Subtracting two vector<point2f> directly

Question

I have to subtract two vectors of type Point2f (both are of same size). I know it can be done by extracting the values at each index and then subtracting them in a loop but is there a direct method to it? Something like

Vector<Point2f> A[3];
A[2] = A[1] - A[0];

Answer 1

just for sports ;)

std::vector<Point2f> A,B;
A.push_back(Point2f(1,2));
A.push_back(Point2f(3,4));
A.push_back(Point2f(5,6));
B.push_back(Point2f(5,2));
B.push_back(Point2f(4,4));
B.push_back(Point2f(3,6));

// Mat C; subtract(A,B,C);
Mat C = Mat(A) - Mat(B);
cout<< A << endl << B << endl <<C<<endl;



[1, 2;  3, 4;  5, 6]
[5, 2;  4, 4;  3, 6]
[-4, 0;  -1, 0;  2, 0]

Answer 2

As per the documentation link that you provided, subtraction of two points is supported. So the following should work:

std::transform (A[1].begin(), A[1].end(), A[0].begin(), A[2].begin(), std::minus<Point2f>());

Note that this assumes that A[2] is big enough to store the result.
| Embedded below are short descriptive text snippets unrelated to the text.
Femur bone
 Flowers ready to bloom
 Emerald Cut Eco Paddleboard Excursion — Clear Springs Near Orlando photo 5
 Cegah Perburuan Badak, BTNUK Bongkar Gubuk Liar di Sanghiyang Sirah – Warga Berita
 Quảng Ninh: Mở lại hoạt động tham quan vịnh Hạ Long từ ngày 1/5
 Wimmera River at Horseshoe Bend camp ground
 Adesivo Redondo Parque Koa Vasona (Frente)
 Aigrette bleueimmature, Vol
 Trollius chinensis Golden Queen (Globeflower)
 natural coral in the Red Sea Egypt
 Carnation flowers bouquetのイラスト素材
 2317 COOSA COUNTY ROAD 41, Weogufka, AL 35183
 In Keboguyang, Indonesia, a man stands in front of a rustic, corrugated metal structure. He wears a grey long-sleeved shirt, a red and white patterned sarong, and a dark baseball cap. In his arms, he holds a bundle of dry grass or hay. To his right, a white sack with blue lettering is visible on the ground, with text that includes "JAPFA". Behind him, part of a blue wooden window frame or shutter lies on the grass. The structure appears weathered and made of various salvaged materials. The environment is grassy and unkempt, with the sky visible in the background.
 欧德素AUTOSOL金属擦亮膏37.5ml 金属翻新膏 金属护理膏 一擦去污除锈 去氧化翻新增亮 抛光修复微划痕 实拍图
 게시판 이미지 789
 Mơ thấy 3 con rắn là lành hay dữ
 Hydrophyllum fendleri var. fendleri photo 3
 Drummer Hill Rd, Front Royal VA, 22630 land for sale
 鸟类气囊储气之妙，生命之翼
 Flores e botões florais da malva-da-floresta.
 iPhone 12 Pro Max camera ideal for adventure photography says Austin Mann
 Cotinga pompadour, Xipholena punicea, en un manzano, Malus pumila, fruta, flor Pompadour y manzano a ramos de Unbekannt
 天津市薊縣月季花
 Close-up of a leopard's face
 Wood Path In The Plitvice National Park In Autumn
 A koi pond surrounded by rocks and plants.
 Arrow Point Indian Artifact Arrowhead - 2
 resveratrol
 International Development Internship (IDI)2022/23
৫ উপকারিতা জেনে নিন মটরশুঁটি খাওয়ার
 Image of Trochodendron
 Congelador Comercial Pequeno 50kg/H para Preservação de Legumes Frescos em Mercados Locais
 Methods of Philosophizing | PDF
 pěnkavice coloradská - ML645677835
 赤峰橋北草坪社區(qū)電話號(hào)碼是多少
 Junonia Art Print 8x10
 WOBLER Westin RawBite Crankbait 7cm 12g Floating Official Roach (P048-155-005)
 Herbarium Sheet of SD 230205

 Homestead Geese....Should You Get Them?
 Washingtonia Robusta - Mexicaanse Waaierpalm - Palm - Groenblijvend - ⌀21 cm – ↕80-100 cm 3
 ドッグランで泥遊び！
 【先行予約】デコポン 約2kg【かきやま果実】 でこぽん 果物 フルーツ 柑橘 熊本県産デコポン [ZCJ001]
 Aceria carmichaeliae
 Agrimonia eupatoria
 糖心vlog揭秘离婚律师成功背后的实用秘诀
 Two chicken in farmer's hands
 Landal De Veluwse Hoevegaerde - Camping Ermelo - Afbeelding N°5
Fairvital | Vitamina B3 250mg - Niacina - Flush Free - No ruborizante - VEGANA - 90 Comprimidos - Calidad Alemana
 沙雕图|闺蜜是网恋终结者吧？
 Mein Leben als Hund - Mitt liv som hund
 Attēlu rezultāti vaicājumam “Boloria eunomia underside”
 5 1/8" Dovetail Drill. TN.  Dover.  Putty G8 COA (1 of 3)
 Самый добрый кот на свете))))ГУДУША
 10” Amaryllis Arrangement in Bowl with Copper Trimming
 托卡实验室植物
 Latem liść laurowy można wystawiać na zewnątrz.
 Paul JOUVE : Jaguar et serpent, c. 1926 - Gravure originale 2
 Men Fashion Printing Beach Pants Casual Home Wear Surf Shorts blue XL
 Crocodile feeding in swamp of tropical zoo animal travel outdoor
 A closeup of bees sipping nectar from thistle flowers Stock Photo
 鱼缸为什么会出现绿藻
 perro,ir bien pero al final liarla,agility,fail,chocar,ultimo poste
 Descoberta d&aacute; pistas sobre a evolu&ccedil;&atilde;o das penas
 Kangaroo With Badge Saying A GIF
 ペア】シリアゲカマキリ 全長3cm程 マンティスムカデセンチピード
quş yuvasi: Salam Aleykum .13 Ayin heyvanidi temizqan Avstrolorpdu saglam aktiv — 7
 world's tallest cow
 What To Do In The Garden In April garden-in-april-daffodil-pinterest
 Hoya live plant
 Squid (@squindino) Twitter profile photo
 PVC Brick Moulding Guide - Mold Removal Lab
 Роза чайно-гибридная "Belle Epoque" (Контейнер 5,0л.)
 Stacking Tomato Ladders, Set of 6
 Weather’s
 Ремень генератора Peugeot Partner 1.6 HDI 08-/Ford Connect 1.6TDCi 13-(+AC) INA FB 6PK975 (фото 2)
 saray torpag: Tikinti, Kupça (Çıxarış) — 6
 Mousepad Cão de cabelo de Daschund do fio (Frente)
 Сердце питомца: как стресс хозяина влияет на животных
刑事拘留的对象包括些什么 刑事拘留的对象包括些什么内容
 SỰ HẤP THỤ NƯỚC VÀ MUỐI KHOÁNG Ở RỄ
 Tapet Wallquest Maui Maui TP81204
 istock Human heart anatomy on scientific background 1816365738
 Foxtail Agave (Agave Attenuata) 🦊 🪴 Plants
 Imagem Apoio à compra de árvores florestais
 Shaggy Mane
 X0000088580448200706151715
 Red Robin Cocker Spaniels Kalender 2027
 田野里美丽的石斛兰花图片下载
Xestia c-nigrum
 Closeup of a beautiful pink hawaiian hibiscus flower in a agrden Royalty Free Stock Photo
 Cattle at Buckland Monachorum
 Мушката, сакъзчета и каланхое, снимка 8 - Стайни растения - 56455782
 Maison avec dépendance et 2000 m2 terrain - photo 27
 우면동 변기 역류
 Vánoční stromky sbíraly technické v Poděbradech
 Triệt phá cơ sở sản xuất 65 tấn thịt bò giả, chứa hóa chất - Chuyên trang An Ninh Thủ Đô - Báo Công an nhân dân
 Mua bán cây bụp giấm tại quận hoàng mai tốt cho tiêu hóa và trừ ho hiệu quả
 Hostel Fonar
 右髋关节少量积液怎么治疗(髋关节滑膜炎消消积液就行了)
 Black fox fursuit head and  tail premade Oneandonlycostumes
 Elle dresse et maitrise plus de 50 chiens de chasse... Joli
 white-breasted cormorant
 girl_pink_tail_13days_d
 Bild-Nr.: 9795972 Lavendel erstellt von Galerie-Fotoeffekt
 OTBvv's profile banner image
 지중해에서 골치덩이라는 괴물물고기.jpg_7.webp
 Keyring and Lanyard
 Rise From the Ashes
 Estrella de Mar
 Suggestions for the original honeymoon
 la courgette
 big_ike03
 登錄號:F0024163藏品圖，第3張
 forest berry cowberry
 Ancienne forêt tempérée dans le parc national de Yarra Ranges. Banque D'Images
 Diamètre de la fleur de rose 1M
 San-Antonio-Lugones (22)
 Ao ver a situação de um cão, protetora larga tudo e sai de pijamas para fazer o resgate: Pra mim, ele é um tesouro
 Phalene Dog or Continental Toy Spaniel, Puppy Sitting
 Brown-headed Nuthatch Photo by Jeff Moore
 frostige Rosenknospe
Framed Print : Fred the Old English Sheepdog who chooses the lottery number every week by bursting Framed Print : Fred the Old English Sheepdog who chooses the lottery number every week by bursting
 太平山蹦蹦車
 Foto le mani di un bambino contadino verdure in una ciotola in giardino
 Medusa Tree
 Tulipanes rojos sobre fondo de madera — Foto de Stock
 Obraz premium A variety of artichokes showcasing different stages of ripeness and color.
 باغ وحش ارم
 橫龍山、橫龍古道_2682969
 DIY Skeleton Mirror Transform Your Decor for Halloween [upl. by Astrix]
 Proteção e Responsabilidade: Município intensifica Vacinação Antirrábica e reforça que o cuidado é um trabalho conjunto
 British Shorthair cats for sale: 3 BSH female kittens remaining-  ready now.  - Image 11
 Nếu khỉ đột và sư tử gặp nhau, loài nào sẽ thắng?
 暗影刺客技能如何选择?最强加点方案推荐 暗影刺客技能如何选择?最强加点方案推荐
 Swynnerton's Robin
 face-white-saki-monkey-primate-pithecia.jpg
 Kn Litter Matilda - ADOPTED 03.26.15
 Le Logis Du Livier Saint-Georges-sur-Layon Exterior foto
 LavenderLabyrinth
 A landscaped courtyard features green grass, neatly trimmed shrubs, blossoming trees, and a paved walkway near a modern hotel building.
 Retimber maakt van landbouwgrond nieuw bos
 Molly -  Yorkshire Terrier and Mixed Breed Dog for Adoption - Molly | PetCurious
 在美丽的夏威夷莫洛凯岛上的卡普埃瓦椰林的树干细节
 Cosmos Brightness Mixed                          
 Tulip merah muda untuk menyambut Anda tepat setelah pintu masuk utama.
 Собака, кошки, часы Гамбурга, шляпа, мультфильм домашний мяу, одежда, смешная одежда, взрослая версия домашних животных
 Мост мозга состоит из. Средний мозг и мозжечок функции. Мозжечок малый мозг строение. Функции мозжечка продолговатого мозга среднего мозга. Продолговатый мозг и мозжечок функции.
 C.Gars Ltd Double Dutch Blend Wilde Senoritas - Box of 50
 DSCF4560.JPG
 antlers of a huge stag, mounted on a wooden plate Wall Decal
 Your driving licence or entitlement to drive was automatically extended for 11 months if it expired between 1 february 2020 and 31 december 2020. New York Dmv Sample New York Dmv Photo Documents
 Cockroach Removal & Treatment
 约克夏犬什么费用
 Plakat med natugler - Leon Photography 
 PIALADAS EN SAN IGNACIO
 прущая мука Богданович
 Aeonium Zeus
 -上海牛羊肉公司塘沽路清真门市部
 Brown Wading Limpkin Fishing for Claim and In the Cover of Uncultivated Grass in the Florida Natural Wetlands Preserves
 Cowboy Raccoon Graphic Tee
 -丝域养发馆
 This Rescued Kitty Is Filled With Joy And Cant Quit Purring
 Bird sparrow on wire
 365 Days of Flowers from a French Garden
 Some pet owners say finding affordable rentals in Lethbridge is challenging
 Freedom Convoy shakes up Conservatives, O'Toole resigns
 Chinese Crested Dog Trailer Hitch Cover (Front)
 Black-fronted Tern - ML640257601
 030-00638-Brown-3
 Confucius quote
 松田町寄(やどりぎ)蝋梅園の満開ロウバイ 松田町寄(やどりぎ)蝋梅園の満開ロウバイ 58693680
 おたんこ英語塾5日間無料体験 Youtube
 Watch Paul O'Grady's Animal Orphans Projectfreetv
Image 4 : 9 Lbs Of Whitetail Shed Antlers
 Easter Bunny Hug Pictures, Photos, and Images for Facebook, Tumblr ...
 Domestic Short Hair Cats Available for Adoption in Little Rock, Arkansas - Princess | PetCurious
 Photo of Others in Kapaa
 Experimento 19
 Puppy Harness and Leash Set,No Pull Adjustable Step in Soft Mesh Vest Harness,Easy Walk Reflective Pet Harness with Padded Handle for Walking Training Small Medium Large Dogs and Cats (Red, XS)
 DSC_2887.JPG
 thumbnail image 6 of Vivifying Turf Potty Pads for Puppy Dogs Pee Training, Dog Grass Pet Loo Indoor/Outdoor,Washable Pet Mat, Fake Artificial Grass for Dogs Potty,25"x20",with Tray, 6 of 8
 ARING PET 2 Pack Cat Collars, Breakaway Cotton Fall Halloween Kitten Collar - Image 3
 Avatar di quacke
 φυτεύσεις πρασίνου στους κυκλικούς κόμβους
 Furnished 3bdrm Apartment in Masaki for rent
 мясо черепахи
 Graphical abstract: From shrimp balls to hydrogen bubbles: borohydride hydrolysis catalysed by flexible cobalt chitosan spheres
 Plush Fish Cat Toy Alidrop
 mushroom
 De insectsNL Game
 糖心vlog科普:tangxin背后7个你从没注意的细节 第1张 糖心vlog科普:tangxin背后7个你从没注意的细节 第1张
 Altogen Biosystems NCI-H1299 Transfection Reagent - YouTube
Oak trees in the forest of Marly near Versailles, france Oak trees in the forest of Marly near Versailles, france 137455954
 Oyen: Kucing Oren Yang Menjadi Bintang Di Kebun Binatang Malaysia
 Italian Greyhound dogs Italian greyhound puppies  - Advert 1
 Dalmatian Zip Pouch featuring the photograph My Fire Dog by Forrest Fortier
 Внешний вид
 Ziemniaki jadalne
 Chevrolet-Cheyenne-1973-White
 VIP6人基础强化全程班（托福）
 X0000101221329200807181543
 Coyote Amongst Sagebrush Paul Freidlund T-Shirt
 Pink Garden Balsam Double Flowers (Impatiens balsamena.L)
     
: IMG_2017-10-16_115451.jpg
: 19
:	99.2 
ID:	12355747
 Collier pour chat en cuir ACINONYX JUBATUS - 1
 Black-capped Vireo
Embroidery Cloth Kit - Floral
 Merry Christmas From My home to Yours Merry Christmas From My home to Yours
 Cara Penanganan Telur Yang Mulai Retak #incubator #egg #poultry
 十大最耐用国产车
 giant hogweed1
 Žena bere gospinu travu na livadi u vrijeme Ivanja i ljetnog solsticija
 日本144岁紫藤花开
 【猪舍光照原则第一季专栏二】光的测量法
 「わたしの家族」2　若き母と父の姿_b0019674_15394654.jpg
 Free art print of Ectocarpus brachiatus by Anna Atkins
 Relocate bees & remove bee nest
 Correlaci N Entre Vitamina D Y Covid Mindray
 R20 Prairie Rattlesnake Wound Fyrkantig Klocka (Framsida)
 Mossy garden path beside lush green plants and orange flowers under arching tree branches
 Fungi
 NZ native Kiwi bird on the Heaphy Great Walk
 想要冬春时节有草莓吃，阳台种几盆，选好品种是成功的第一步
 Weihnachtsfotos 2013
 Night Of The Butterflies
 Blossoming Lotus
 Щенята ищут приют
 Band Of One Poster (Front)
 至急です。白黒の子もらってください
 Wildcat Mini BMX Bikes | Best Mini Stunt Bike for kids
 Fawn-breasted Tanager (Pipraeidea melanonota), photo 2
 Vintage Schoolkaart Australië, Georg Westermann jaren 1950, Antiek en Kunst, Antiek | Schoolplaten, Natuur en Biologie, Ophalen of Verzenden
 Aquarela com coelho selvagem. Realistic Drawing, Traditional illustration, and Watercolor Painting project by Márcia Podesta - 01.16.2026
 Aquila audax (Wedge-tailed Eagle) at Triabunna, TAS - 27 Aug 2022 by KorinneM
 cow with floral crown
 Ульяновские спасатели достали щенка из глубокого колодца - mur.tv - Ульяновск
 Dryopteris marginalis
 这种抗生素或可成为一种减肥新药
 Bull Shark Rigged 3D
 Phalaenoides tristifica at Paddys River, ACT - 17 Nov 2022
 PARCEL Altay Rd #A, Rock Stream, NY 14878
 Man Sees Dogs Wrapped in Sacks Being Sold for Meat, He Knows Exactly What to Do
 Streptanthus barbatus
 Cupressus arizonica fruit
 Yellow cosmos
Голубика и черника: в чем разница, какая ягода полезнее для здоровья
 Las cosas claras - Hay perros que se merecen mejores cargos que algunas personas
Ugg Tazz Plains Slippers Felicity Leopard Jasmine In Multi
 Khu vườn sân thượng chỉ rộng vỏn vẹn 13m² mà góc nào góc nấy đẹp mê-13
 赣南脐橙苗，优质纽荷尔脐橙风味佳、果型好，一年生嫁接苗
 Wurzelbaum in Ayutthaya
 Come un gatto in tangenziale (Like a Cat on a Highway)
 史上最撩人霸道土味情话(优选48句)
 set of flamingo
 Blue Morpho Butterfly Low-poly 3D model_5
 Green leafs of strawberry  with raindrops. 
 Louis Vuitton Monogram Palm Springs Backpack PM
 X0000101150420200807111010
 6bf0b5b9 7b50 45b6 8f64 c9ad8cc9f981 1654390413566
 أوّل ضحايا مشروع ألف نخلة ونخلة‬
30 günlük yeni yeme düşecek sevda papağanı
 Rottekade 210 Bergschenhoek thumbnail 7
Alternative, you could write your own overloaded operator-() for vector subtraction:

const vector<Point2f> operator-(const vector<Point2f>& lhs, const vector<Point2f>& rhs)
{ ... }

You would need to optimize the above function to avoid a copy of the vector when the function returns. This does not preclude the need to write the looping code that you want to avoid. But it will give you a cleaner syntax for vector subtractions.